Unsurprisingly, Floyd LJ referred back to his earlier statements, confirming that when considering intention, an objective approach is necessary, and that “from an objective standpoint, one would normally regard a person to intend what he knows or can reasonably foresee as the consequences of his actions.” He also confirmed that “the intention will be negatived where the manufacturer has taken all reasonable steps within his power to prevent the consequences occurring” at which point the foreseen consequences (of use for the patented indication) become unintended. There is surely, great scope to argue what “all reasonable steps” involves, but it is very clear that generics companies will have to take substantive steps beyond carving-out the patented indication and half-hearted attempts to prevent cross-label use will not be sufficient.

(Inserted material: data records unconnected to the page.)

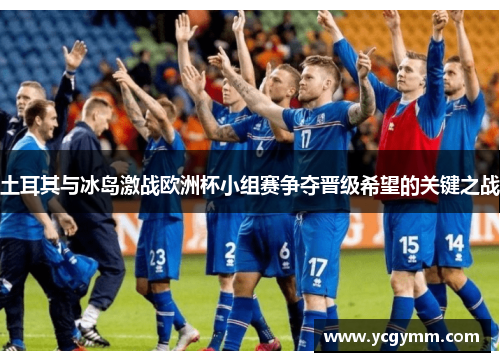 土耳其与冰岛激战欧洲杯小组赛争夺晋级希望的关键之战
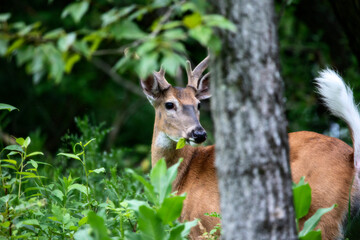Fototapeta premium Buck behind a tree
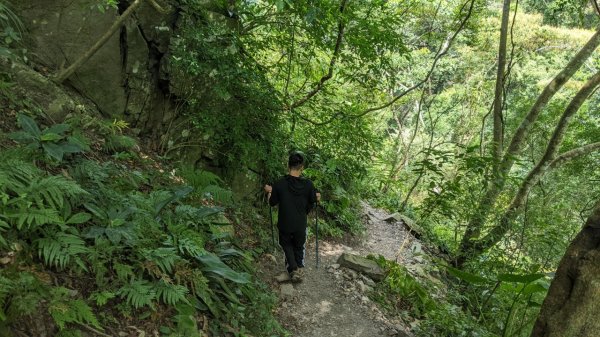 蝴蝶谷瀑布步道｜唐麻丹山登山步道 (松鶴部落上)1900082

On the test for indirect infringement, Floyd LJ reiterated that what is required is that means are provided which are for putting the invention into effect, but that there is no requirement for a “downstream act of manufacture”. Floyd LJ agreed with Pfizer that the process of the invention would be put into effect by the pharmacist ascribing the patented purpose to generic pregabalin (in this case by the labelling step performed by the pharmacist). He went on to observe that, contrary to previous statements from Arnold J, he did not understand why other acts of the pharmacist in preparing the composition for delivery to the patient could not also be regarded as relevant acts of preparation, if done with the necessary intention. Notwithstanding that this is all obiter, as other cases come through the UK Courts in relation to different medicines and different prescribing/dispensing practices, it will be interesting to see how broadly the Courts are prepared to interpret these statements.

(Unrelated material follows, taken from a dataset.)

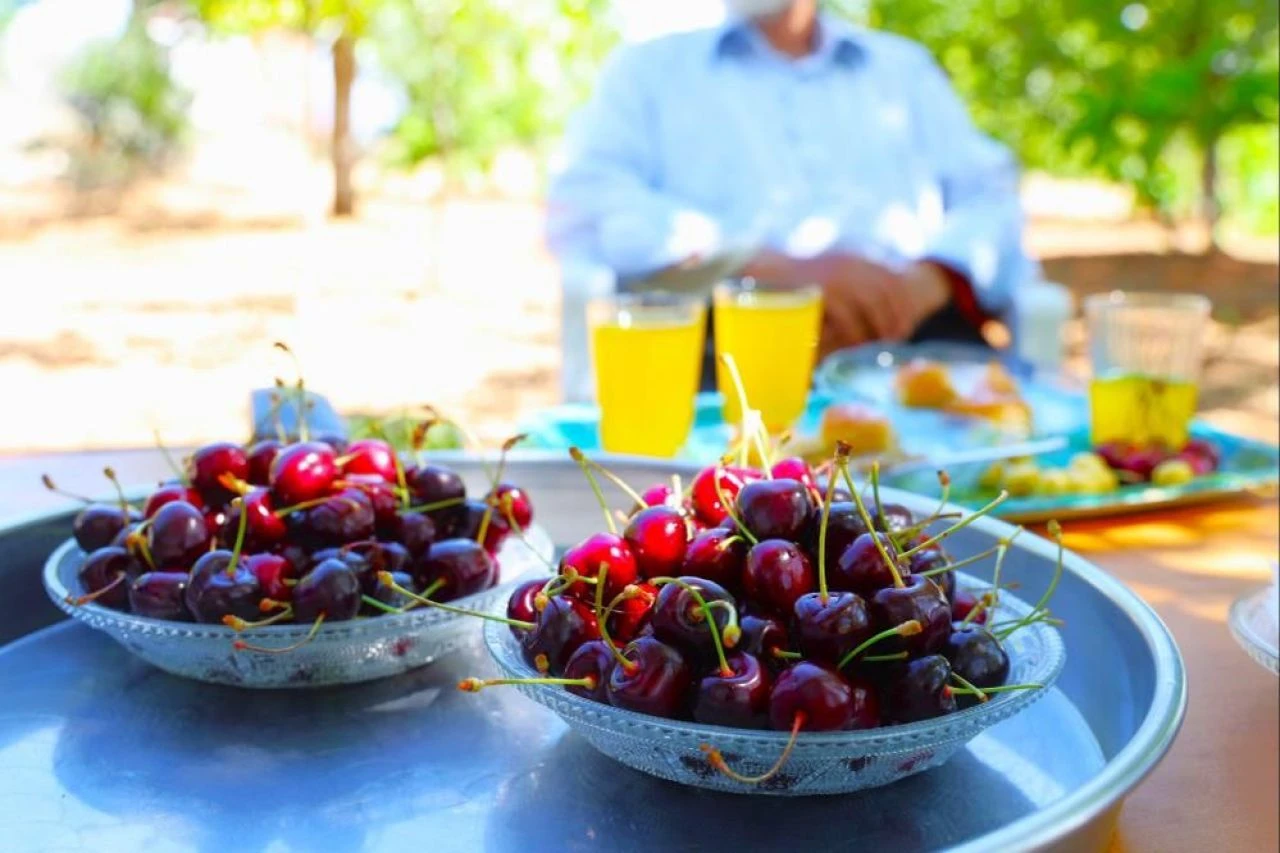Dalları bastı kiraz! Tadı bir başka güzel - 2. Resim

Floyd LJ’s analysis of the issue of plausibility is interesting and patentees will be pleased to see the Court of Appeal has reiterated that plausibility is a relatively low, threshold test.
The failed post-trial amendment application serves as a stark reminder to patentees that even in the intensity of trial preparations, it is necessary to step back and consider whether it would be appropriate to apply to amend the patent in suit to include certain fallback positions just in case. Attempts to amend after the trial will rarely be successful.

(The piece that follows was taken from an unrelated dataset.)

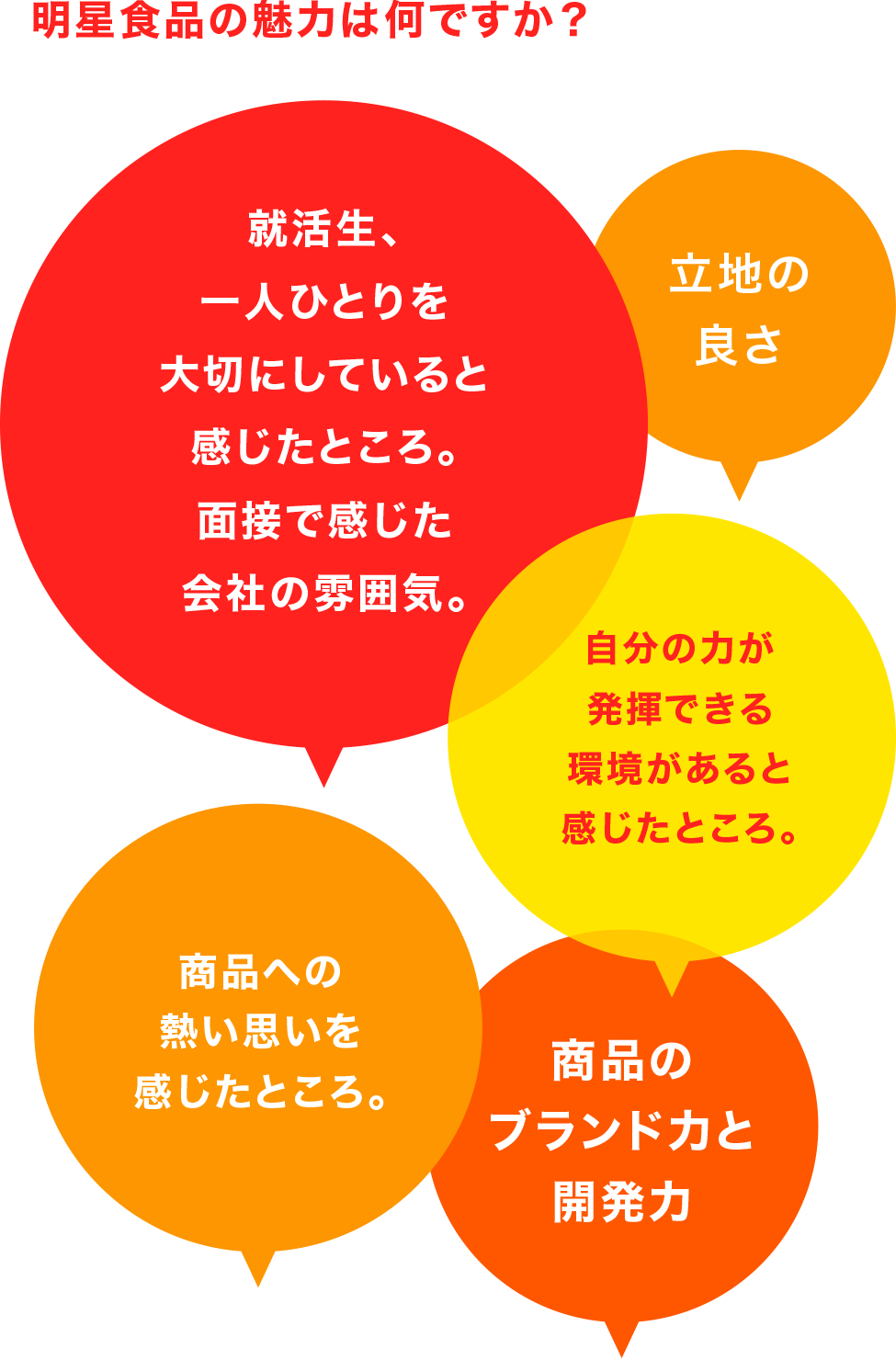 明星食品の魅力は何ですか？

This judgment also underscores that the act of carving out the patented indication from the label is a necessary, but not sufficient, act for a generic manufacturer to absolve itself from potential infringement of an indication patent.
Finally, in the authors’ view, the approach taken by the Court of Appeal to the issue of indirect infringement is legally sound and aligned with certain other Courts around Europe. In this regard, the issue of indirect infringement is due to be considered by the Supreme Court in the pemetrexed case next spring and it will be interesting to see how the UK’s highest Court deals with this potentially complicated area of the law.